BY Joanna Kleinberg in News | 06 MAY 07
Featured in
Issue 107

Chantal Akerman: Là-bas

French Institute/Florence Gould Hall, New York, USA

J
BY Joanna Kleinberg in News | 06 MAY 07

‘It’s a very contemplative film… and by this I mean slow,’ remarked Chantal Akerman, introducing her César-nominated documentary Là-bas (Over there, 2006) at its US première in New York. ‘Have patience,’ she continued, ‘there are some rewards at the end.’ And she was right: roughly 75 of the 79 minutes of the film’s running time are stationary shots in which not much of anything happens. A digital video camera peeks out of an apartment’s semi-blinded windows, observing neighbours at leisure on their balconies. They smoke, they have tea, they move potted plants around. In the meantime the ebb and flow of ambient street noise (children squealing, scooters buzzing, birds warbling) provide some sonic landmarks, and sporadic bursts of off-camera action and monologue gradually reveal a storyline. Speaking in a melancholy hush, the film’s unseen subject alternates between reflecting on the past and describing feelings of alienation in the present. As these snippets accrue, a portrait begins to emerge: the persona behind the camera is Akerman, trapped in the apartment by her own fears and depressive inertia.

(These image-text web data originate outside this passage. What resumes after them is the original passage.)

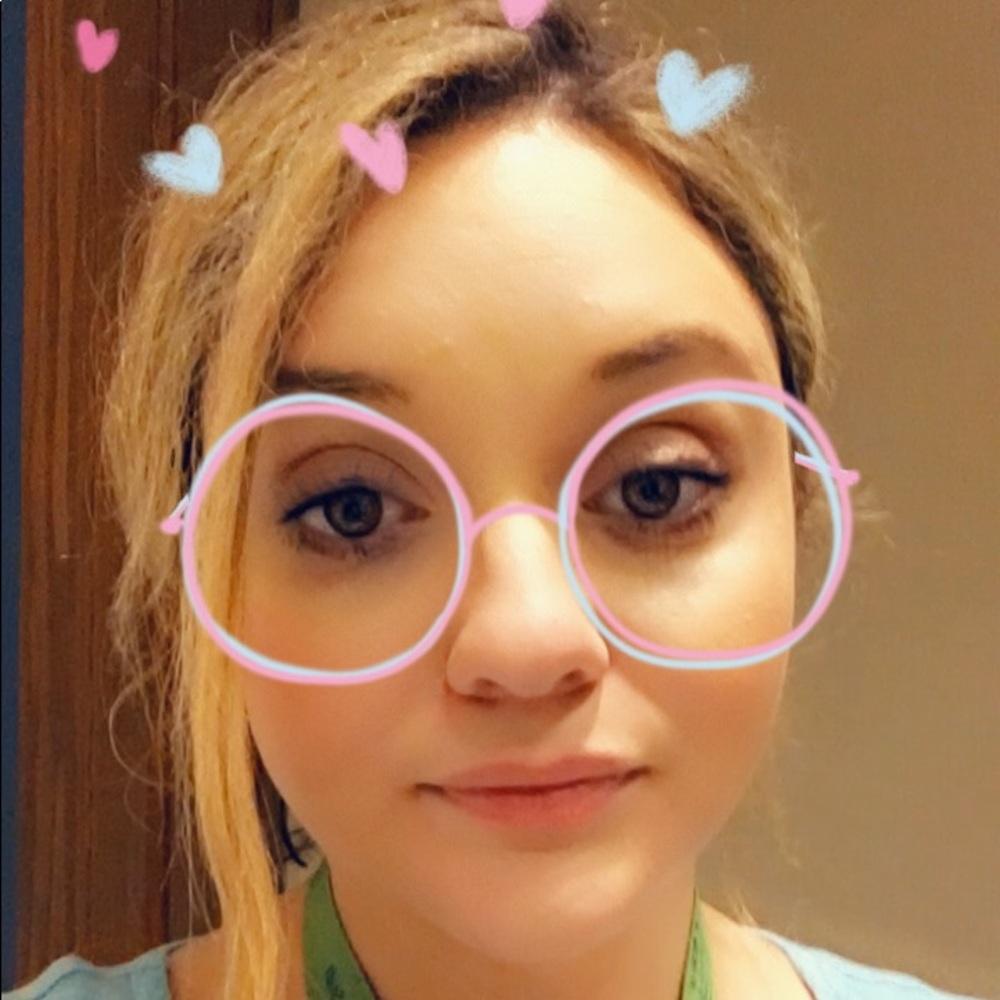 Meet your Posher, Jennifer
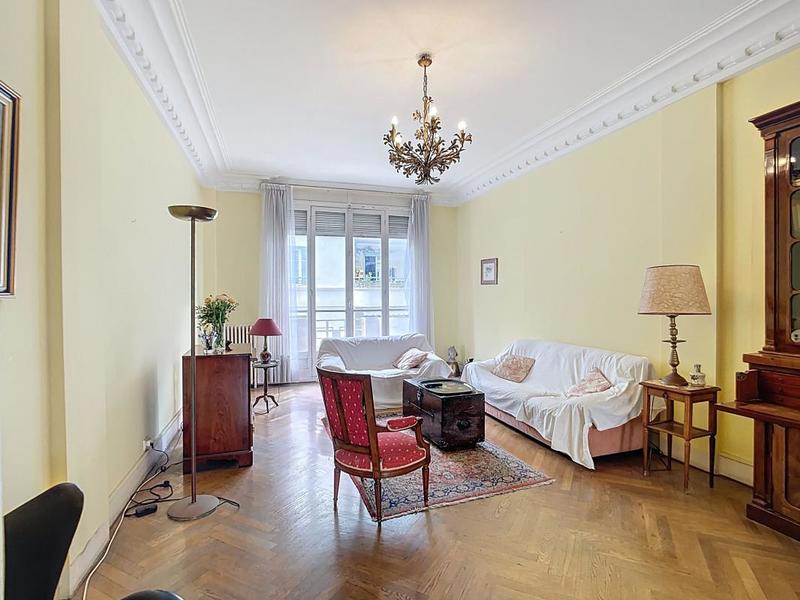 Appartement - 128 m² - 4 pièces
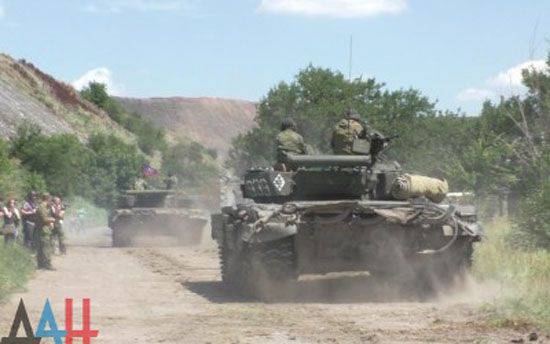 ДНР и ЛНР продолжают односторонний отвод военной техники от линии соприкосновения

Given the languid pace and relentless atmosphere of angst, Là-bas at first seems painfully esoteric, but for those with patience there is, as promised, a pay-off. Rather than being self-centred or indulgent, Akerman’s malaise is sophisticated, culturally minded and, to an extent, well founded. Over time we learn that she is the daughter of Holocaust survivors and that the apartment is a rental in Tel Aviv. Cloistered inside, owing (in part) to her apprehensions about a recent bombing, she is meditating on the question of whether Israel is the ‘promised land’ or merely a new form of exile. This probing is the substance of the film, and, though Akerman draws few conclusions, it is satisfying to listen to her groping around in the dark of her mind for something solid to say. ‘It’s complicated,’ she declares repeatedly. Her relationship with Israel overwhelms and frustrates her; the simultaneous attraction and repulsion are elegantly captured in the stop-and-go flights of narration.

Unfortunately, there is a troublesome disconnect between narrative and attendant visuals. Since the camera remains fixed while Akerman moves around behind it (talking on the phone, typing and so on), it does not literally represent her point of view; she is not catatonically gazing out at the world she feels cut off from. What eye it does represent remains ambiguous, and the neighbours’ activities therefore seem like voyeuristic tableaux rather than reminders of Akerman’s – or Tel Aviv’s – restiveness. The gulf is most palpable in a few abrupt jump-cuts to views of the beach. After the airlessness of the apartment, these ocean panoramas feel like reprieves, but in the film’s lexicon this seems a somewhat inappropriate side-trip. Akerman wants her audience to despair at the rolling Mediterranean’s vastness, seeing it as another border – one that isolates and confines the inhabitants of Tel Aviv. Her narration, though, does not afford viewers the tools to make such a reversal. Là-Bas hovers between too much and too little information. Its framework makes it something more than an oblique self-portrait, but for a documentary on a Jewish woman’s relationship to the uneasy Israeli capital, it might not be nearly complicated enough.